Das ist auch der Titel von Enne Koens‘ außergewöhnlicher Erzählung mit einer besonderen Heldin. Die Neunjährige ist offenherzig, forsch, neugierig, kratzbürstig, stur, lebendig und einfühlsam. Und auch sie vermisst jemanden, sogar gleich zwei Menschen, ihre Eltern nämlich. Weil sie ganz anders ist als ihre Mutter und ihr auch gar nicht ähnlich sieht, ist Deetje überzeugt, dass sie adoptiert wurde. Vielleicht auch entführt, aus dem Kinderwagen gestohlen. Wahrscheinlich suchen ihre richtigen Eltern nach ihr. Vielleicht ist sie eine Prinzessin und könnte in einem Schloss mit Swimmingpool wohnen.
»Deine Haare wollen einfach nicht gehorchen, sagte meine Mutter. Ich hatte das Gefühl, sie würde nicht meine Haare meinen, sondern mich. Und wieder dachte ich das. Eine echte Mutter kommt doch mit den Haaren ihres Kindes zurecht. Wir gehören überhaupt nicht zusammen, dachte ich.«

Haarige Gedanken

»Und in diesem Moment änderte sich alles. Ich schaute zu ihr. Die Haare meiner Mutter hängen gerade herab, wenn sie offen sind. Meine Haare springen zu allen Seiten. Ich kenne fast alle aus der Nachbarschaft, sie kennt fast niemanden. Sie hat eine helle Haut und ich eine dunkle. Sie will, dass alles praktisch ist, nützlich, säuberlich, pünktlich und an der richtigen Stelle. Ich will nur tanzen, mein Herz so offen wie eine Ladentür am verkaufsoffenen Sonntag«, stellt Deetje fest.
»Wenn man uns beim Memory umdrehen würde, darf man ganz bestimmt nicht noch einmal«, resümiert das Mädchen mit umwerfend trockenem Humor, von Andrea Kluitmann schön spröde übersetzt. Wegen dieses Gefühls des Fremdseins gegenüber ihrer wortkargen, verschlossenen Mutter forscht Deetje zusammen mit ihrem gleichaltrigen Freund Vito weiter, nach Empfänger oder Absender des Briefes. Und in eigener Sache.

Religiösität mit Folgen

Tatsächlich wirkt Deetjes Mutter anfangs fast autistisch. Oder depressiv. Dann wird klar, dass Religion und Frömmigkeit eine wichtige Rolle spielen. Christliche Religion. Das irritiert zunächst. Wie man aber am Beispiel der USA sieht, geht von protestantischen Splittergruppen und Sekten eine weit größere Bedrohung als vom durchschnittlichen Islam aus. Schon im bloßen Wort scheint das Radikale enthalten zu sein: Protestantismus. Klingt wie Islamismus, islamistisch. Zumindest kann diese weltabgewandte, fundamentalistische und engstirnige Form des Christentums  verheerende Wirkung haben. Im Großen, und, wie man im Roman zurückhaltend, aber eindrücklich lesen kann, auch im Einzelnen.
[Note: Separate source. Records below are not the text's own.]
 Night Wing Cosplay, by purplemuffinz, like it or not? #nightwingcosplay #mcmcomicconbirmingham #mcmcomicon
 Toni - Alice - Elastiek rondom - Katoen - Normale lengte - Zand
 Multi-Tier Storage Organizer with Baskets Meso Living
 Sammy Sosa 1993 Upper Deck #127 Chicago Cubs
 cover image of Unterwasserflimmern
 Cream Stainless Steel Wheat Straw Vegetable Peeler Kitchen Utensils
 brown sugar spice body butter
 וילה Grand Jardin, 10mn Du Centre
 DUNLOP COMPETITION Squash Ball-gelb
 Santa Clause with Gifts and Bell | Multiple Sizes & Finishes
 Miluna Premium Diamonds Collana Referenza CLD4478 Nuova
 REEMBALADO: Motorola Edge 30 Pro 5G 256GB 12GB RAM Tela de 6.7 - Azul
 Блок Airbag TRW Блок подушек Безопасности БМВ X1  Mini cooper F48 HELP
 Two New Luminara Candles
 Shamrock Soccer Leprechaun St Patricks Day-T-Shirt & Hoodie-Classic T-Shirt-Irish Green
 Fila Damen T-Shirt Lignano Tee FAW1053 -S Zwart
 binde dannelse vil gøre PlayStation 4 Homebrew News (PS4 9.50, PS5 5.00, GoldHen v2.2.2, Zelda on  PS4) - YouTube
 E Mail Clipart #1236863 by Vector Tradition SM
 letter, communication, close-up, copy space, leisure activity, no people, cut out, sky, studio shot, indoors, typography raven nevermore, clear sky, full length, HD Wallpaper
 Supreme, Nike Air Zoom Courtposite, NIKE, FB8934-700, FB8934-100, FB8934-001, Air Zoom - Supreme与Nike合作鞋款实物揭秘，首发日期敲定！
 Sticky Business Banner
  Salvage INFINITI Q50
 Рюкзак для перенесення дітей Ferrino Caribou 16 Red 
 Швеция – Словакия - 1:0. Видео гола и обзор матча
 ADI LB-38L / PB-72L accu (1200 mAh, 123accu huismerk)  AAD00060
Manchmal bleibt nur ein Ring, ein Lied, ein Foto

Enne Koens vereint durch Deetje in dieser besonderen Detektivgeschichte viele spannende individuelle Erzählungen vom Vermissen. Maartje Kuipers behutsame, reduzierte Zeichnungen, die Einblicke in verschiedene Fenster und ausschnittweise auf die Bewohner dahinter geben, akzentuieren das sehr schön. Menschen aus aller Welt sehnen sich nach Eltern, Freunden, Liebsten, die sie auf der Flucht zurücklassen mussten, aus den Augen verloren haben, die gestorben oder weggezogen sind oder von denen man sich auseinandergelebt hat. Manchmal bleibt neben der Erinnerung nur ein Ring, an einer Schnur um den Hals getragen. Manchmal nur ein Lied, Regale voller Lebensmittel oder ein verschlucktes Telefon (ja, wirklich!). Oder ein Foto mit einem Paar, das ein kleines Baby hält, Leute, die Deetje viel ähnlicher sehen.
Die niederländische Autorin Enne Koens verwebt diese bewegenden Erzählungen zu einem ebenso überraschenden wie vielversprechenden Ende. Das der Anfang einer neuen, gemeinsamen Suche ist. Mit Aussicht auf die ganze Welt.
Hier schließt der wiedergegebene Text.